Leahy: CDC Releases $239,060 Grant To VT To Combat Opioid Epidemic

. . . Congress Included These Funds In Recently Enacted Appropriations Bill Under A Program The Trump Adm. Wants To Slash For Next Year

[The Centers for Disease Control and Prevention (CDC) this week awarded more than $12 million to 23 states, including Vermont and the District of Columbia, to support their responses to the opioid overdose epidemic. The funds were made available through a bipartisan effort in Congress during negotiations over the fiscal year 2017 Omnibus Appropriations bill.  The grant to Vermont is $239,060.  As Vice Chairman of the Senate Appropriations Committee, Senator Patrick Leahy (D-Vt.) played a central role in securing the funding to combat the opioid epidemic.  The funds will support all states that applied for funding through the Enhanced State Surveillance of Opioid-Involved Morbidity and Mortality (ESOOS) program and the Prescription Drug Overdose: Prevention for States (PfS) program.  The funds will be used to strengthen prevention efforts and to better track opioid-related overdoses. CDC expects to announce additional awards for state opioid overdose prevention programs later in the summer.]

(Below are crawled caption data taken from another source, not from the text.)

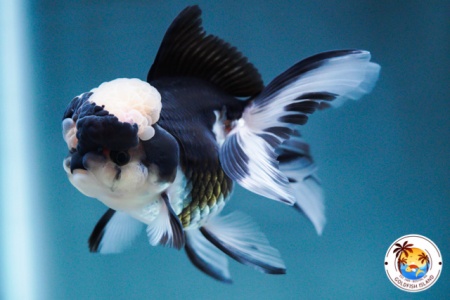 Оранда панда (Goldfish Oranda panda)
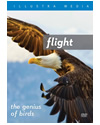 Flight - The Genius Of Birds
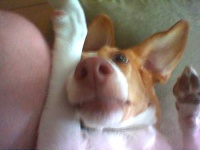image of ibizan_hound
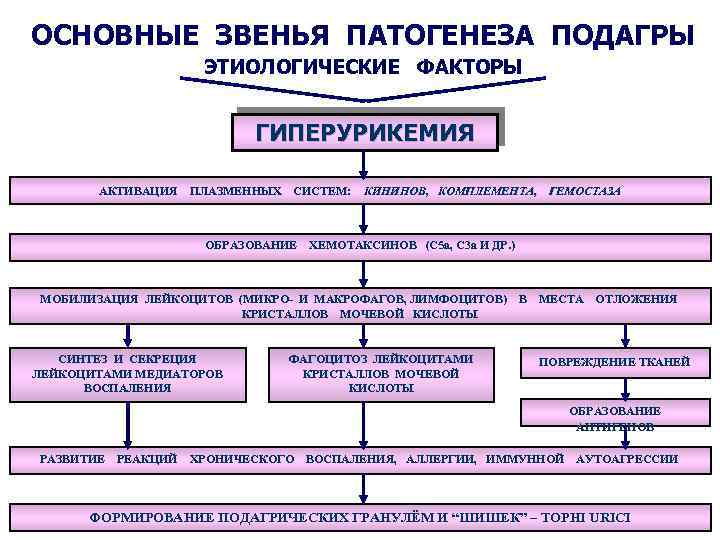 ОСНОВНЫЕ ЗВЕНЬЯ ПАТОГЕНЕЗА ПОДАГРЫ ЭТИОЛОГИЧЕСКИЕ ФАКТОРЫ ГИПЕРУРИКЕМИЯ АКТИВАЦИЯ ПЛАЗМЕННЫХ СИСТЕМ: ОБРАЗОВАНИЕ КИНИНОВ, КОМПЛЕМЕНТА, ГЕМОСТАЗА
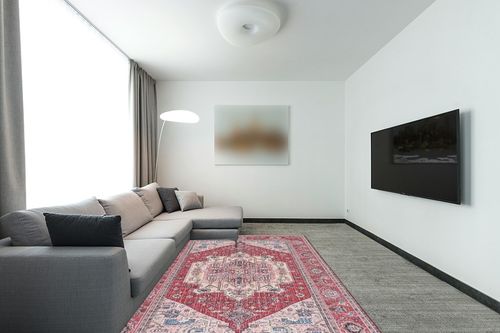 SAFAVIEH Tucson Collection Area Rug - 6' x 9', Red & Pink, Persian Design, Non-Shedding Machine Washable & Slip Resistant Ideal for High Traffic Areas in Living Room, Bedroom (TSN139R) in Modern Living Room with Grey Couch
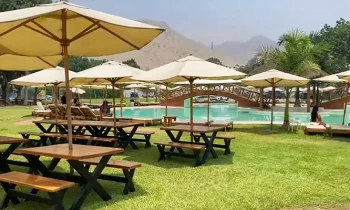 Microblading 9D para cejas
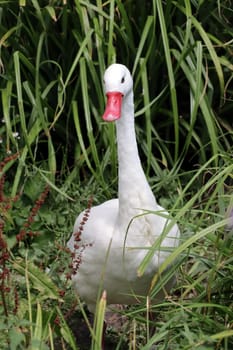 Coscorobaschwan (Coscoroba coscoroba), Deutschland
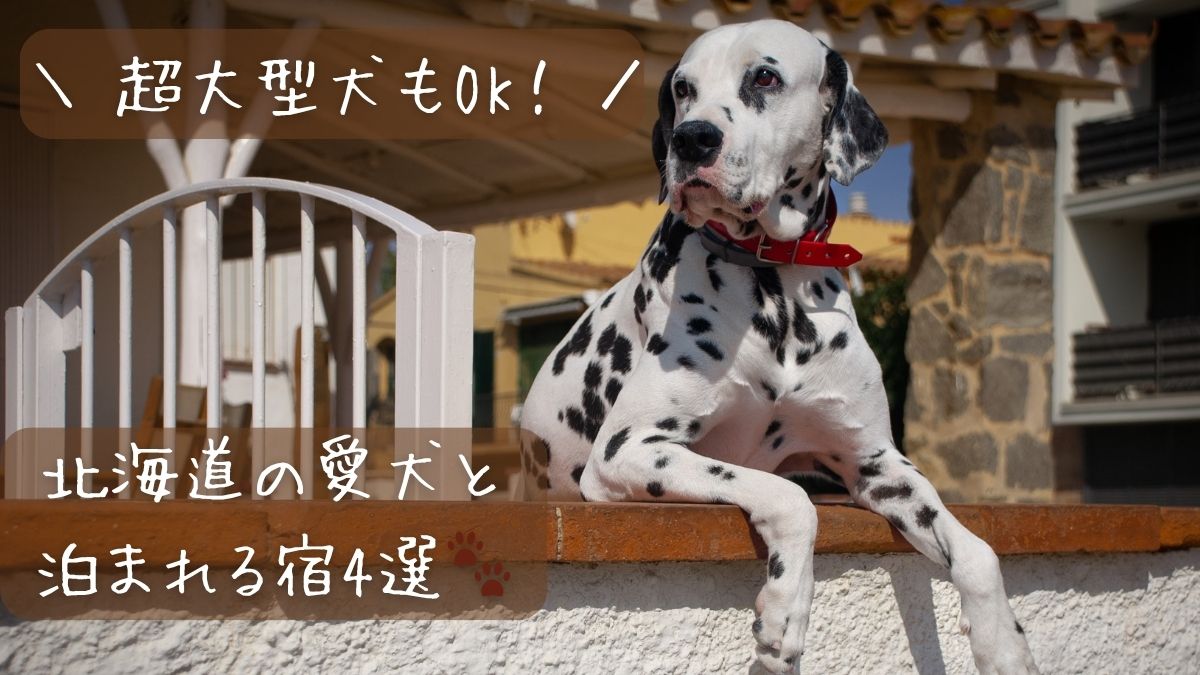 超大型犬もOK！北海道の愛犬と泊まれる宿4選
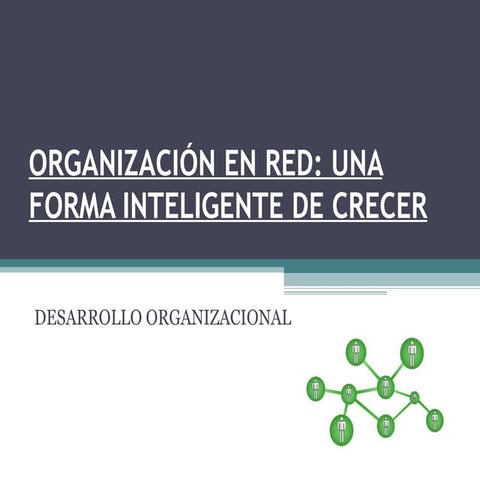OrganizacióN En Red
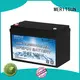 MERITSUN low temperature lithium battery suppliers for car 1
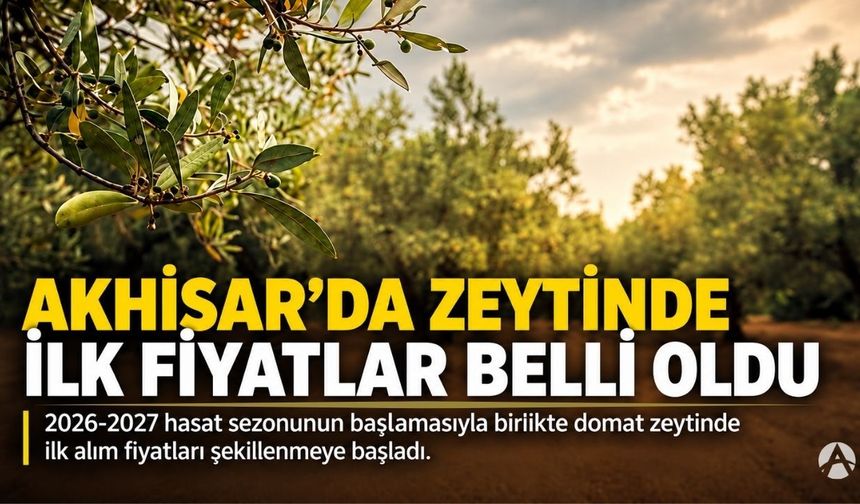 Akhisar’da zeytin piyasasında ilk fiyatlar belli oldu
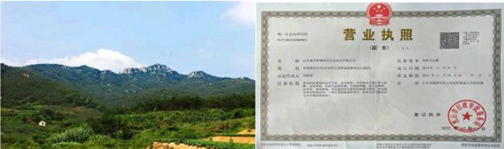 산과 약초 재배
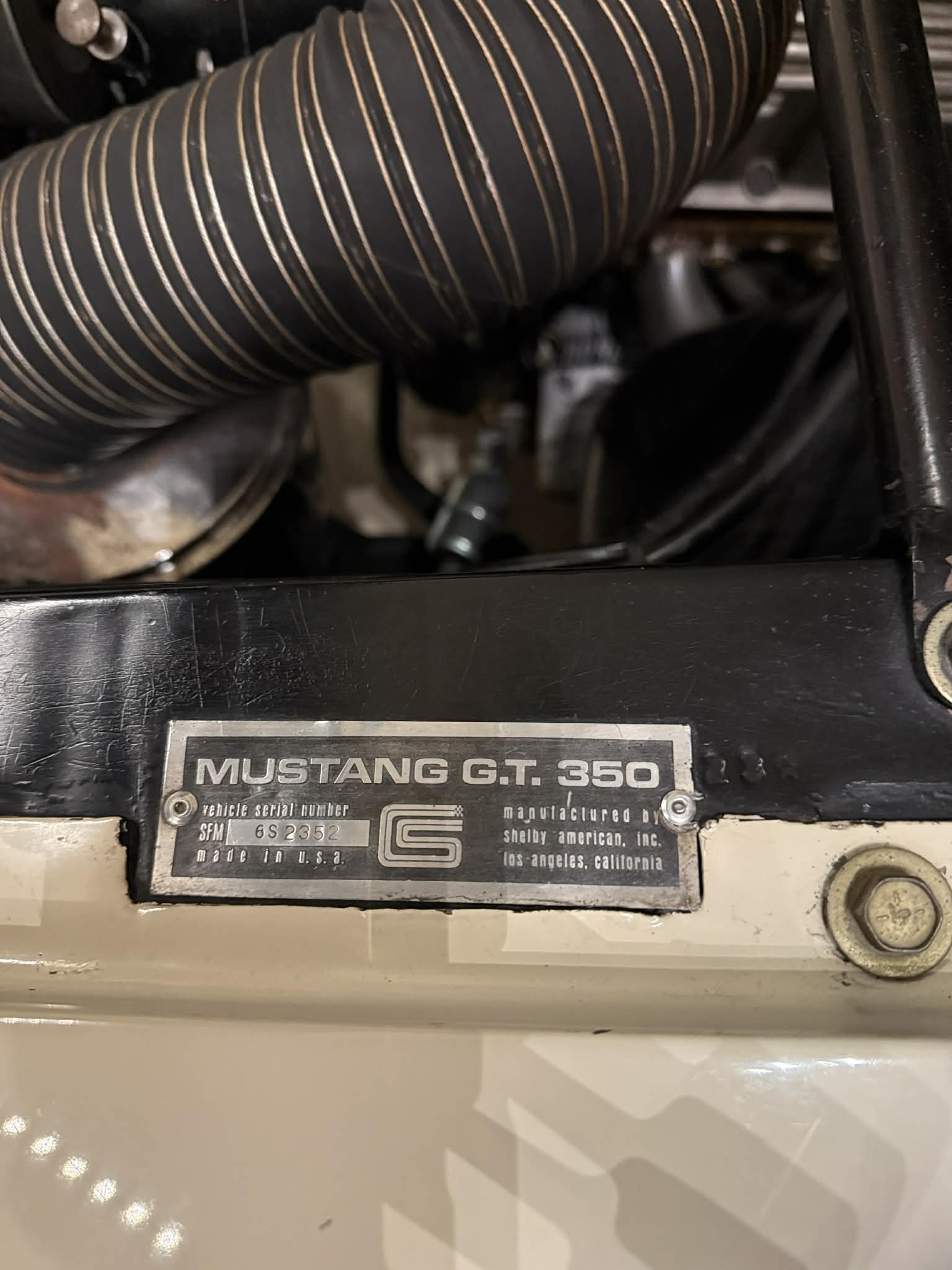 
								1966 Shelby GT-350 full									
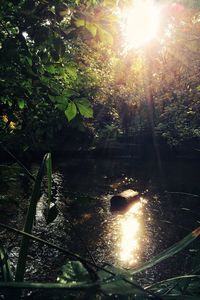 Sun shining through trees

“I hope these grants signal Secretary Price’s new appreciation for the importance of these much-needed resources to combat the opioid epidemic, because the Secretary has proposed to slash these same CDC programs by $50 million next year.  These grants were made possible with passage of the fiscal year 2017 Appropriations bill in April, and now states like Vermont are receiving funding that will allow for better tracking of heroin and opioid-related deaths and enhance prevention efforts. 

“Secretary Price’s and the President’s rhetoric have not yet matched the reality of the administration’s actions.  It’s about time that the administration finally joins Congress in taking this epidemic seriously.  After they have issued such a glowing release about the importance of these grants being issued this week, I am calling on them to withdraw their proposal to cut this vital program by $50 million next year.”